Your assignment
Without the pictures, set down the records below word for word.

"""

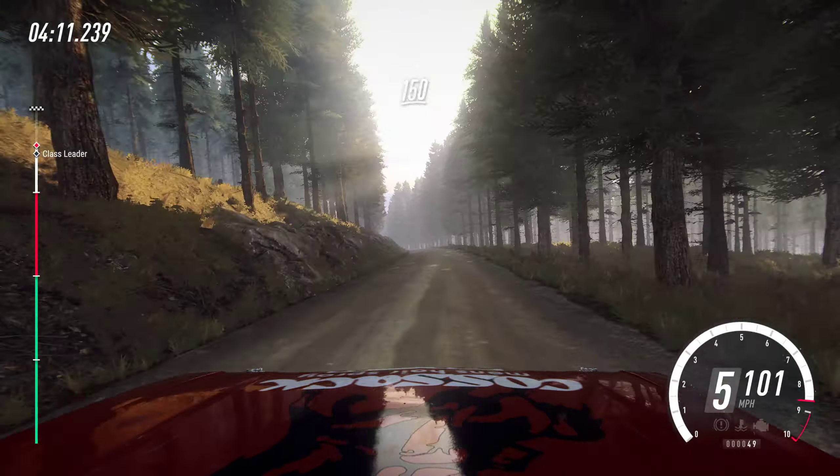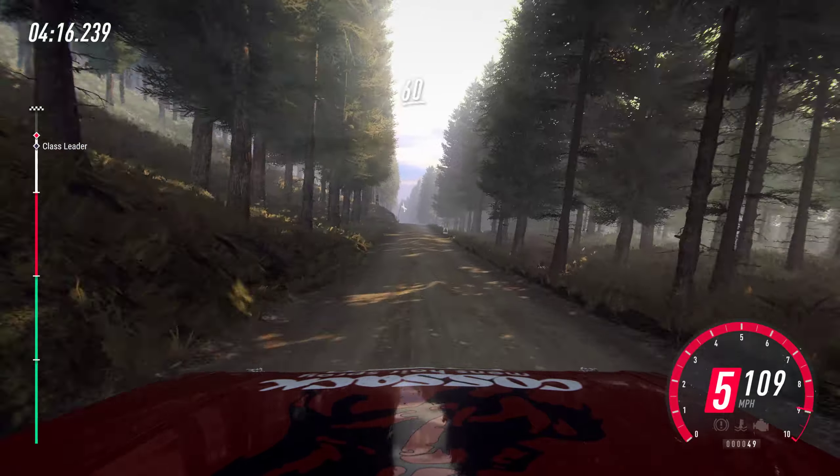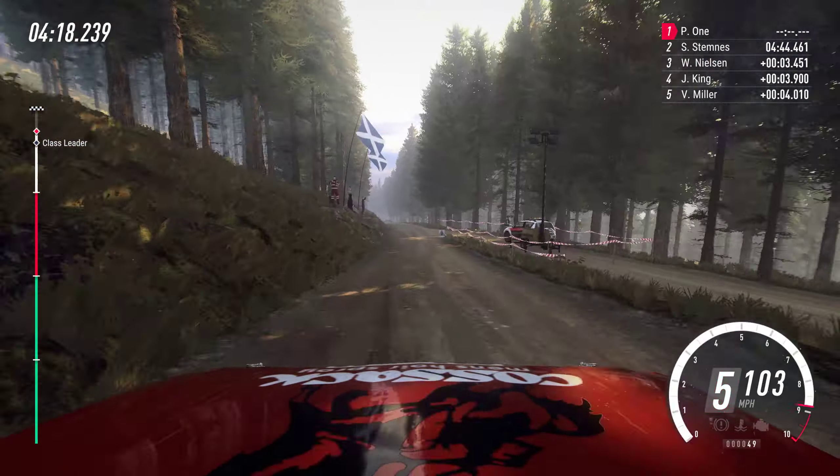One hundred and fifty, keep the middle of a jump, sixty, six left, opens. Sixteen, keep the middle of a press, into short six left.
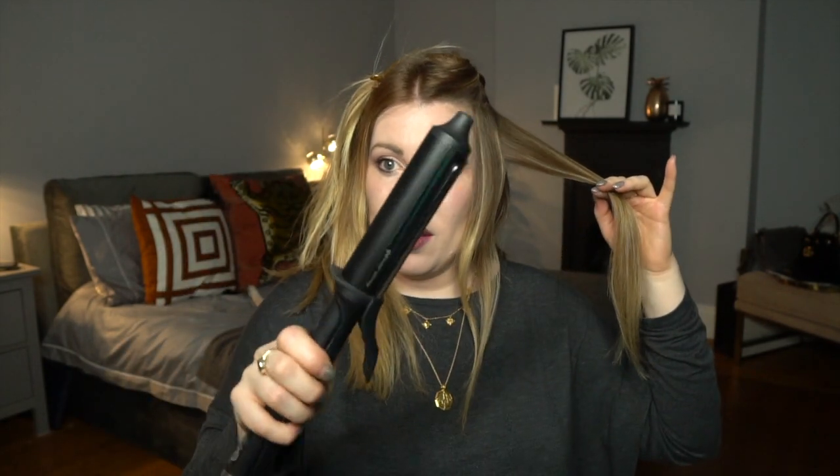The next section we're going to do the other way, so we're going to take our tong with the clasp on the bottom, pop it into the hair, twist up towards you, hold it for a second, and then release, twist, and drop.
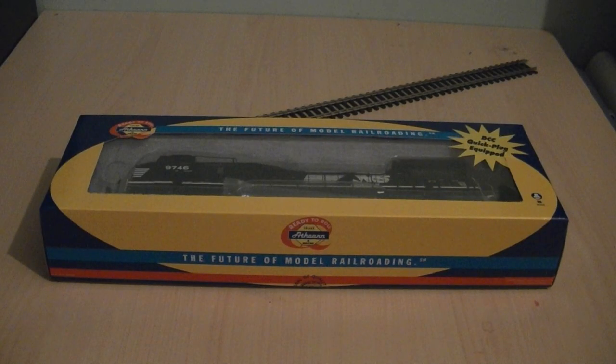Good evening everybody and welcome to my latest model train review video. Finally, my Athearn ready-to-run Norfolk Southern liveried General Electric Dash 9, also known as the C44-9W — or this variant could be the C40-9W — but either way they are commonly known as a Dash 9.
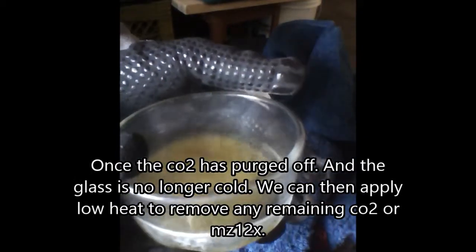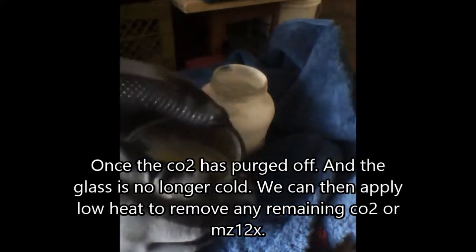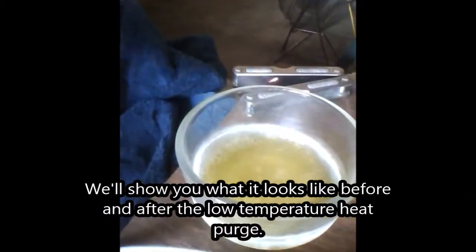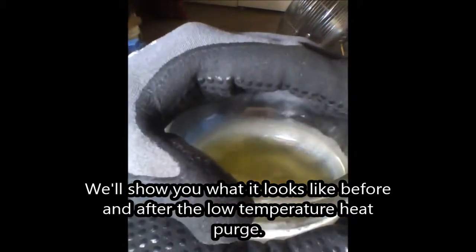This is CO2 snow made with an organic co-solvent MZ12X and the CO2 itself. Careful — low temperature. Make sure that it's not going to go anywhere, so roll the pan, roll the pan, roll the pan.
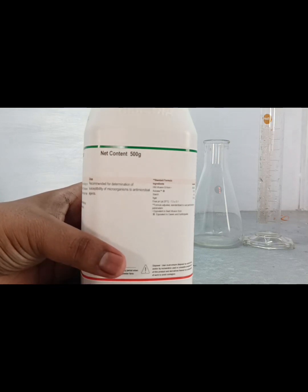The composition is Mueller Hinton infusion broth, casein acid hydrolysate, starch, and agar. The pH of this agar is 7.3 plus or minus 0.1.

"""

Answer to this exercise
One hundred and fifty, keep the middle of a jump, sixty, six left, opens. Sixteen, keep the middle of a press, into short six left.
The next section we're going to do the other way, so we're going to take our tong with the clasp on the bottom, pop it into the hair, twist up towards you, hold it for a second, and then release, twist, and drop.
Good evening everybody and welcome to my latest model train review video. Finally, my Athearn ready-to-run Norfolk Southern liveried General Electric Dash 9, also known as the C44-9W — or this variant could be the C40-9W — but either way they are commonly known as a Dash 9.
This is CO2 snow made with an organic co-solvent MZ12X and the CO2 itself. Careful — low temperature. Make sure that it's not going to go anywhere, so roll the pan, roll the pan, roll the pan.
The composition is Mueller Hinton infusion broth, casein acid hydrolysate, starch, and agar. The pH of this agar is 7.3 plus or minus 0.1.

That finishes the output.